WHAT YOU SHOULD DO -> Keep the pictures out. Restate the entries below word for word.
◆ ◆ ◆
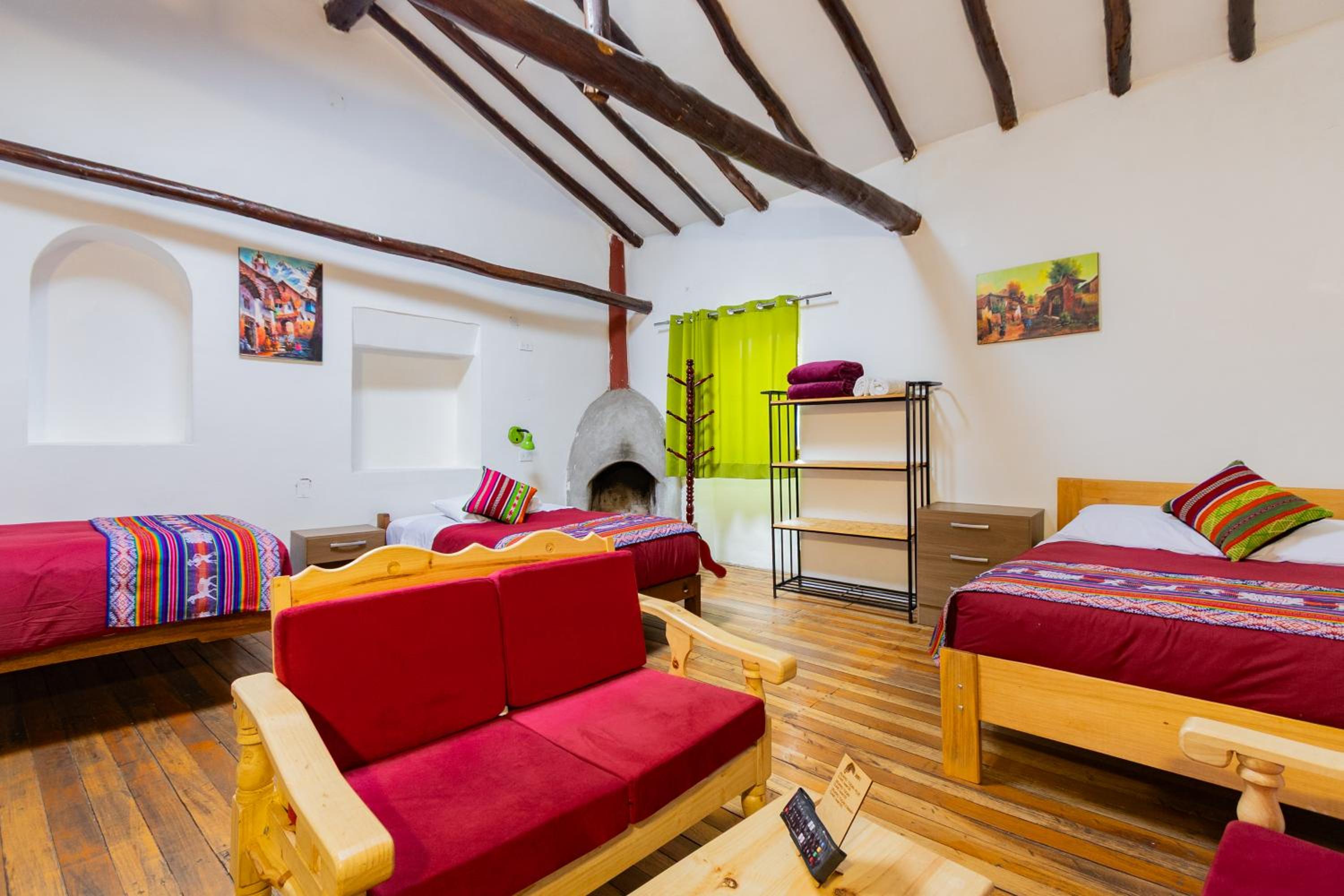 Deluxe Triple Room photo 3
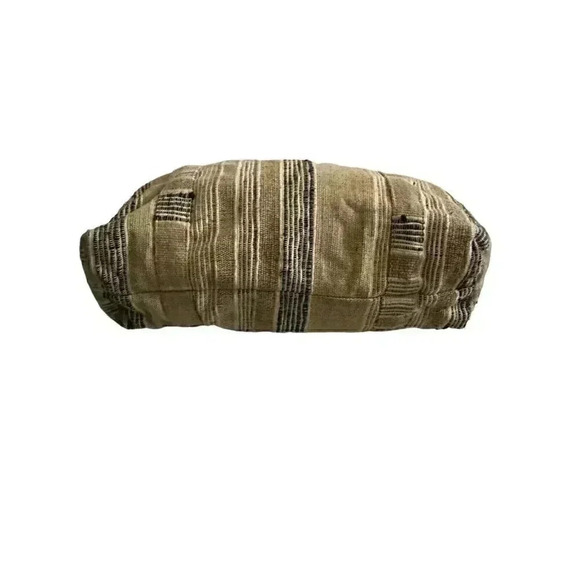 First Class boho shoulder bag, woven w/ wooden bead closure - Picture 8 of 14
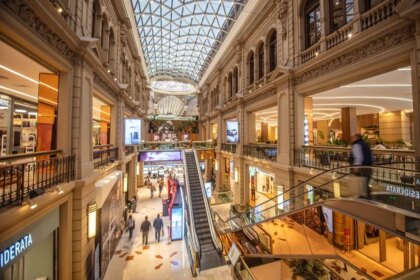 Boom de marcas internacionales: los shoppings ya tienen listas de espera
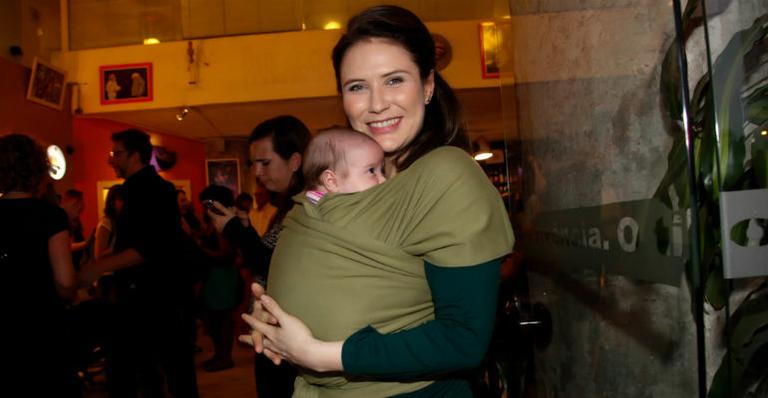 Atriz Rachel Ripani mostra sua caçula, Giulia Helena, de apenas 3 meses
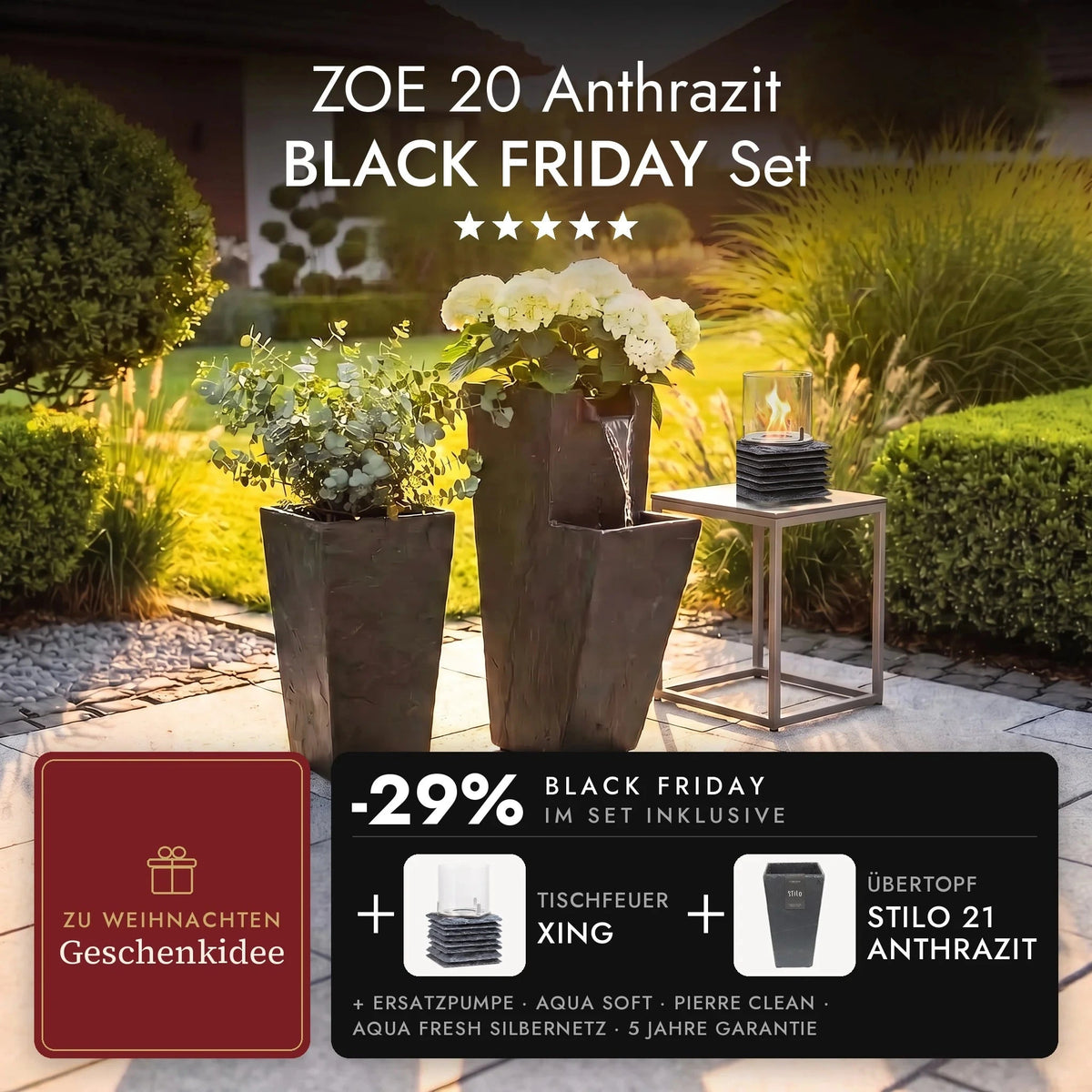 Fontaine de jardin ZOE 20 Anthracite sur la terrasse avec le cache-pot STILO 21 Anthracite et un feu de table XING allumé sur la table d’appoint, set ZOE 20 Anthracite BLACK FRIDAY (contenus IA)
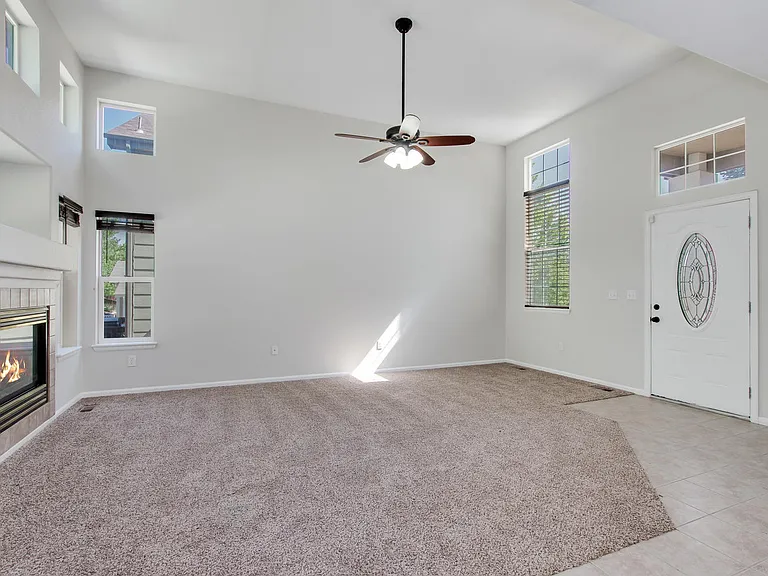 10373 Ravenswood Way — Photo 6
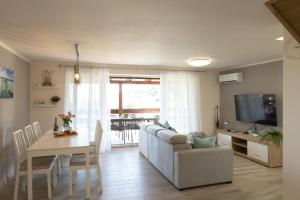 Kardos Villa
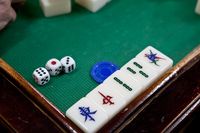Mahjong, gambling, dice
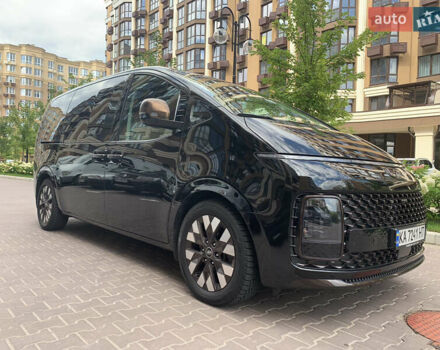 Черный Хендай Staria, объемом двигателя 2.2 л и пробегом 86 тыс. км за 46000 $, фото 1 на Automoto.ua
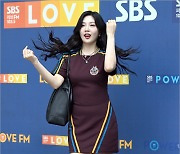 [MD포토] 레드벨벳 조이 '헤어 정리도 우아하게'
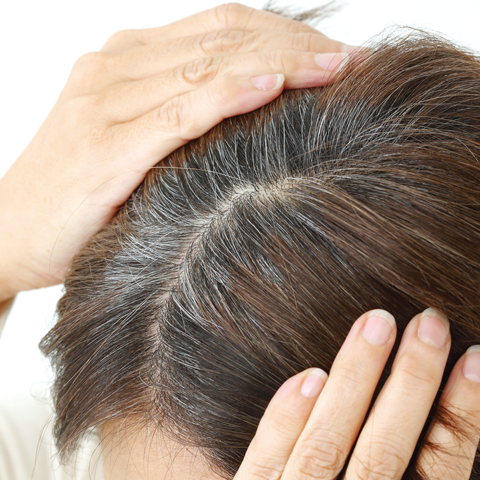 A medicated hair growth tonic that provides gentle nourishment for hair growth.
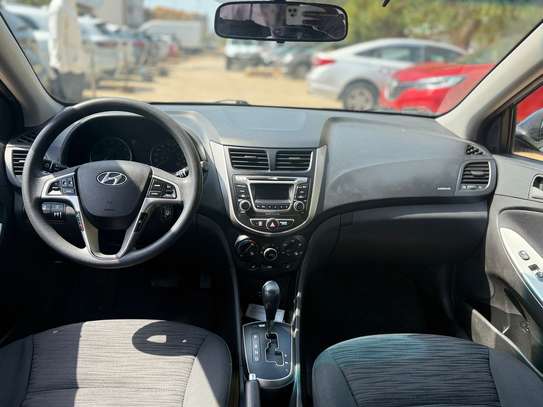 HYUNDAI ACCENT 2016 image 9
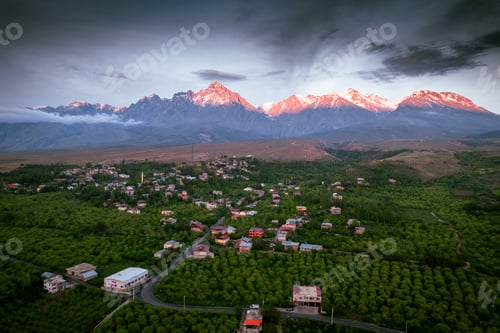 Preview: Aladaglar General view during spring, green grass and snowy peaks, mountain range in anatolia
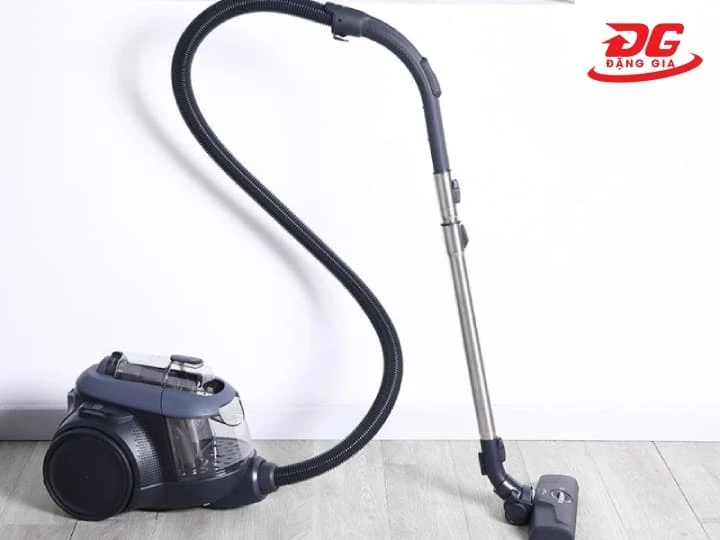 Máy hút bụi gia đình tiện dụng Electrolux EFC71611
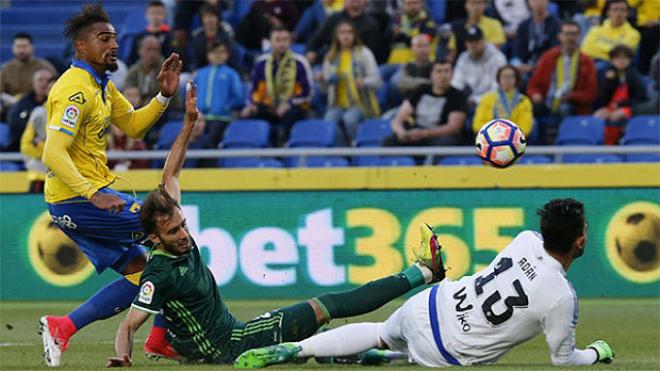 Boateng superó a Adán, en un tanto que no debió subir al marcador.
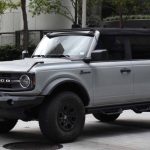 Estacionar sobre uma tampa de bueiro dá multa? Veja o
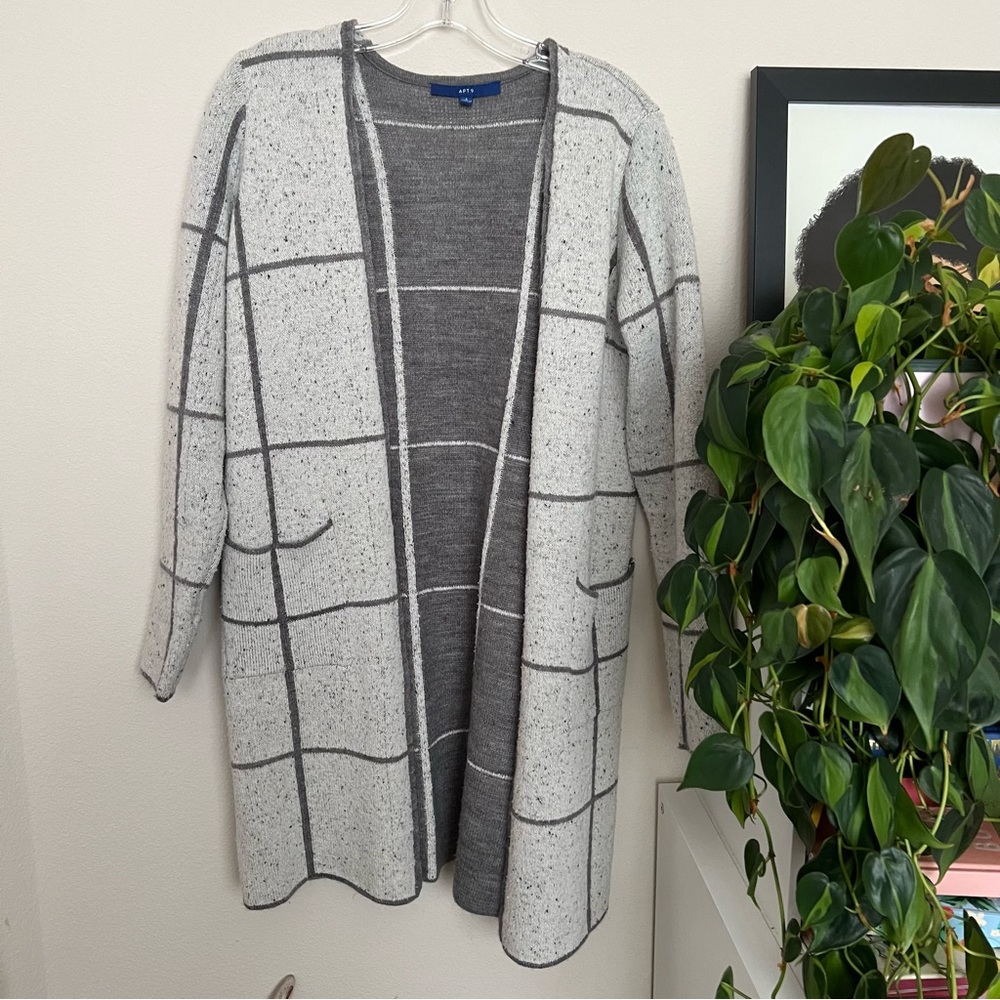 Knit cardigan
◆ ◆ ◆
TASK SOLUTION ->
 Deluxe Triple Room photo 3
 First Class boho shoulder bag, woven w/ wooden bead closure - Picture 8 of 14
 Boom de marcas internacionales: los shoppings ya tienen listas de espera
 Atriz Rachel Ripani mostra sua caçula, Giulia Helena, de apenas 3 meses
 Fontaine de jardin ZOE 20 Anthracite sur la terrasse avec le cache-pot STILO 21 Anthracite et un feu de table XING allumé sur la table d’appoint, set ZOE 20 Anthracite BLACK FRIDAY (contenus IA)
 10373 Ravenswood Way — Photo 6
 Kardos Villa
Mahjong, gambling, dice
 Черный Хендай Staria, объемом двигателя 2.2 л и пробегом 86 тыс. км за 46000 $, фото 1 на Automoto.ua
 [MD포토] 레드벨벳 조이 '헤어 정리도 우아하게'
 A medicated hair growth tonic that provides gentle nourishment for hair growth.
 HYUNDAI ACCENT 2016 image 9
 Preview: Aladaglar General view during spring, green grass and snowy peaks, mountain range in anatolia
 Máy hút bụi gia đình tiện dụng Electrolux EFC71611
 Boateng superó a Adán, en un tanto que no debió subir al marcador.
 Estacionar sobre uma tampa de bueiro dá multa? Veja o
 Knit cardigan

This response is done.